• WORK TO COMPLETE:
Write down the listing again exactly as it appears below, without its pictures.

• PROVIDED MATERIAL:
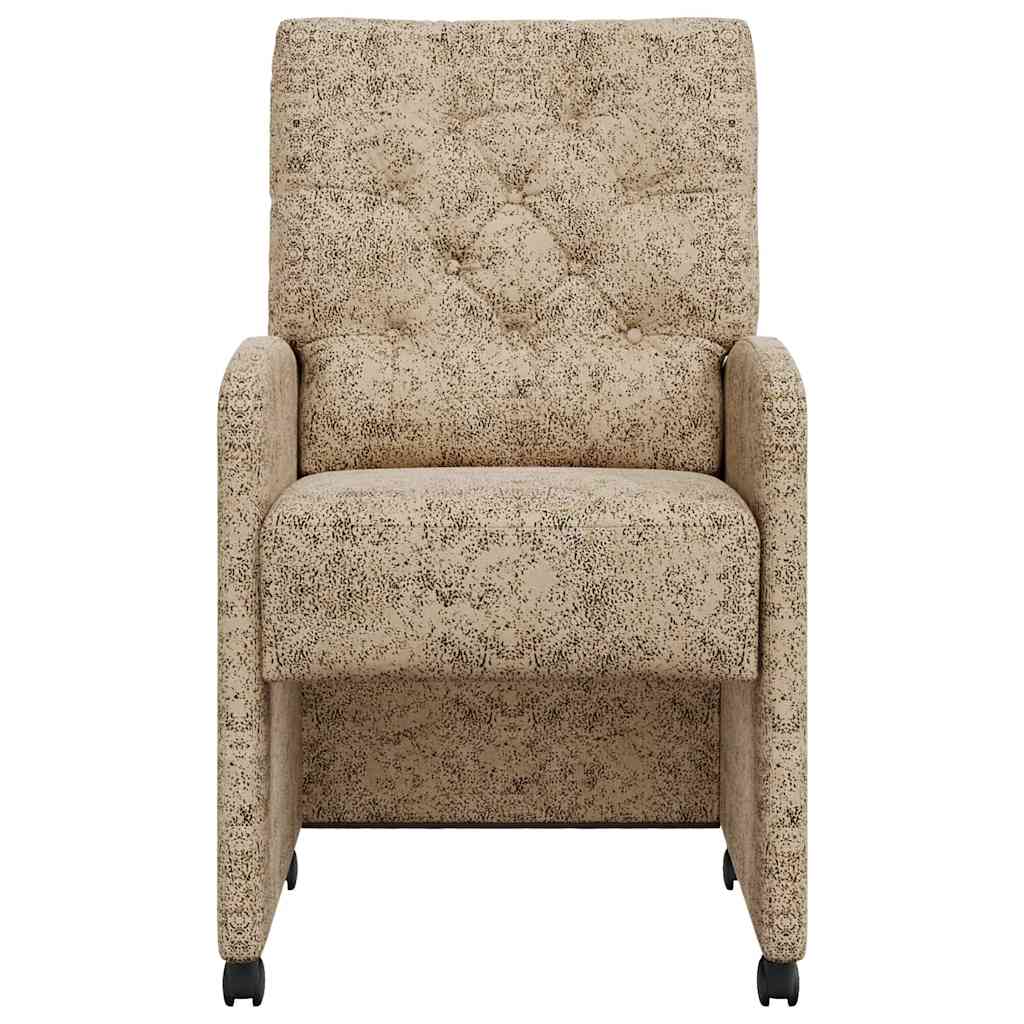 Scaune de dining cu roți 2 pcs Gri deschis 58 x 67 x 97 cm GartenMobel Dekor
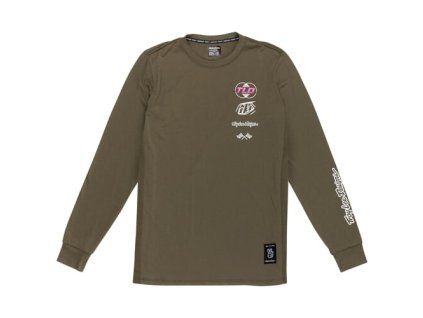 TLD DĚTSKÝ DRES S DLOUHÝM RUKÁVEM SKYLINE RIDE TEE WORLDWIDE CAPER XS (Veľkosť XS)
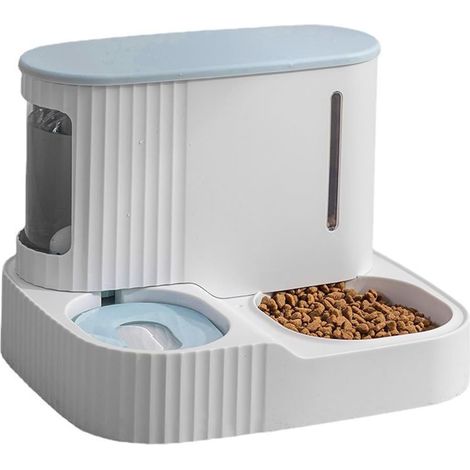 Dispensador automático de agua y comida por gravedad 2 en 1 para gatos y perros - 850 ml (1/5)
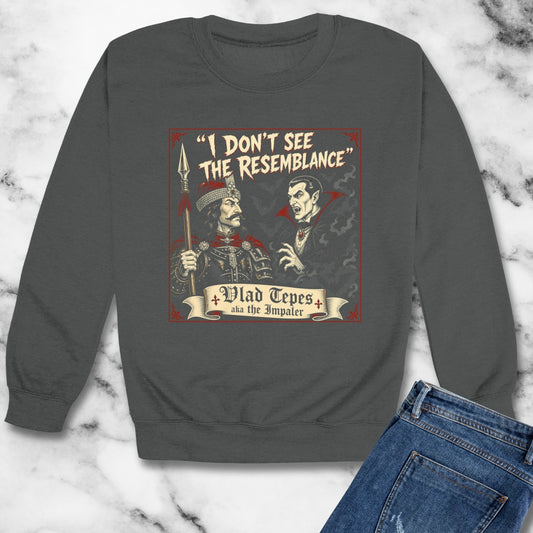 Vlad Tepes Dracula No Resemblance Unisex Heavy Crewneck Sweatshirt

• EXERCISE ANSWER:
 Scaune de dining cu roți 2 pcs Gri deschis 58 x 67 x 97 cm GartenMobel Dekor
 TLD DĚTSKÝ DRES S DLOUHÝM RUKÁVEM SKYLINE RIDE TEE WORLDWIDE CAPER XS (Veľkosť XS)
 Dispensador automático de agua y comida por gravedad 2 en 1 para gatos y perros - 850 ml (1/5)
 Vlad Tepes Dracula No Resemblance Unisex Heavy Crewneck Sweatshirt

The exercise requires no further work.